Here are the facts. Right now, the typical family of color starts their homeownership journey a full decade behind a similarly situated white family. It’s a lost decade, in which they are not building a long-term foundation of wealth. It holds them back for the rest of their lives. And it holds back their children and grandchildren, too.
We have to help them regain the lost decade. That’s why I’m doubling down on the incredible work of my predecessors – Susan Stewart, Kristy Fercho, and Matt Rocco. As the former chair of MBA’s DEI Advisory Committee, I’ll build on the groundbreaking efforts they launched with one of my own. We’re calling it the Equitable Homeownership Initiative.
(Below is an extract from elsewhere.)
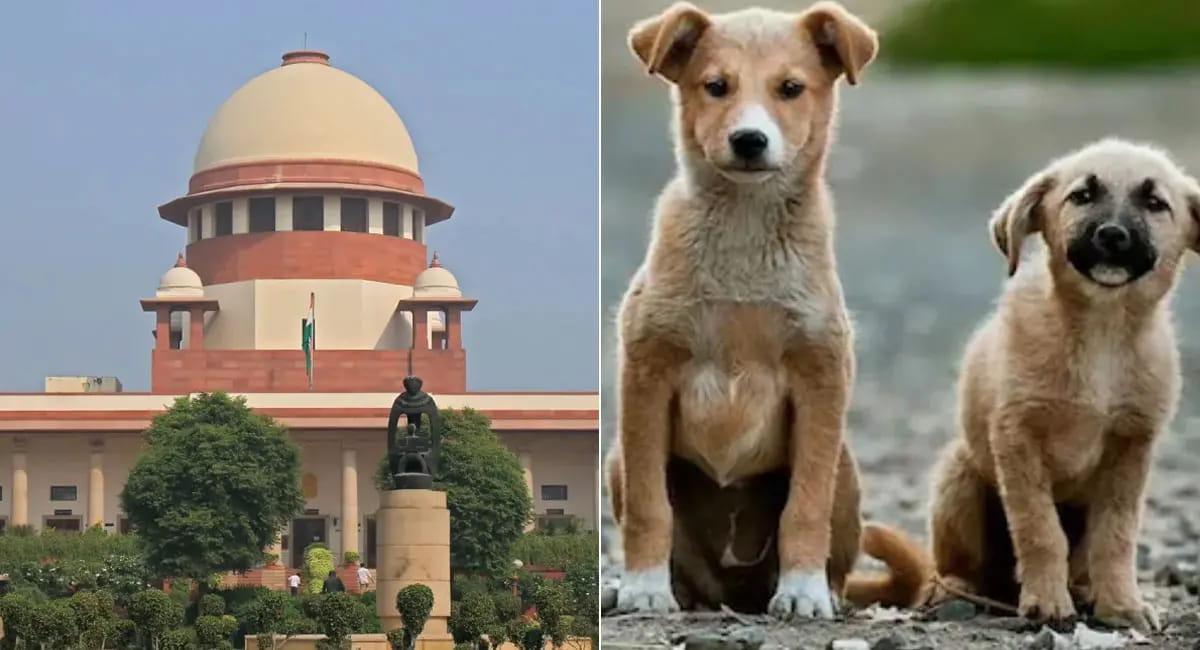सिंघवी बोले- नियम पहले से हैं, कोर्ट दखल न दे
This initiative addresses a very real problem. Right now, too many young Americans don’t get real financial education. In their formative years, they don’t learn the tips and tricks to achieving financial freedom and social mobility – homeownership chief among them.
So as part of this initiative, I want us to go into new territory: Schools.
We need to develop new tools and resources to help children learn about financial education. I know it can work, because we’ve proven it at my company.
A few years back, I discovered a gem of a book, called “Princess Mackie Buys a House.” It’s written by a real-estate broker in my hometown, and it tells the story of young Black girl buying a castle, teaching important lessons about setting goals and saving money in order to buy that castle. The whole book powerfully teaches lessons of financial literacy.
My company ended up buying a copy for every 4th grade student in Detroit Public Schools. The response was incredible. Children loved it – and so did their parents. We’re already seeing early signs that this single book made a difference.
Imagine if we took this message nationwide. We actually have copies of Princess Mackie Buys a House here today, so please visit the MBA booth in the HUB to check out a copy. If you’d like to help distribute it in your local schools, please let me know. And if you have other ideas for how we can teach financial literacy, the folks at MBA are all ears.
I hope each and every one of you will get involved in this initiative. And I thank you in advance for helping us regain the lost decade for our diverse communities. Our industry’s success – and our country’s future – depend on it.
I said at the start that I’ve been a proud part of the MBA family for nearly 40 years. I’ve kept coming back for two big reasons.
First and foremost is you. I firmly believe that the men and women of the mortgage finance industry are very, very special people. No one does more for their communities. No one does more for our country. I couldn’t be more grateful to have all of you as colleagues.
But the second reason I keep coming back is because of the MBA itself. This organization is uniquely effective. It channels our combined voices and values into real, lasting change. We need the MBA, just as we need each other.
And so, today, I want to leave you with two calls to action. First- Let’s lean on each other in these tough times. And second…let’s lead the way forward through the MBA, making homeownership a national priority once again, and creating a pathway to the American Dream for all.
If we do these things, I have no doubt: We’ll come through these dark storm clouds to a bright, sunny day. And then, we’ll inspire and uplift our country, all over again.
Thank you again for the honor of serving as your MBA chair. Shortly, we will hear from MBA President and CEO Bob Broeksmit.
Like many of us, Bob has spent his career in the mortgage industry. He has seen the ups and downs from many vantage points.
Unlike many of us, Bob has the daily responsibility of being responsive to a large and diverse membership, forging consensus, and driving policy outcomes for all stakeholders.
He does so with wisdom, insight, and a steady hand. Please welcome Bob Broeksmit.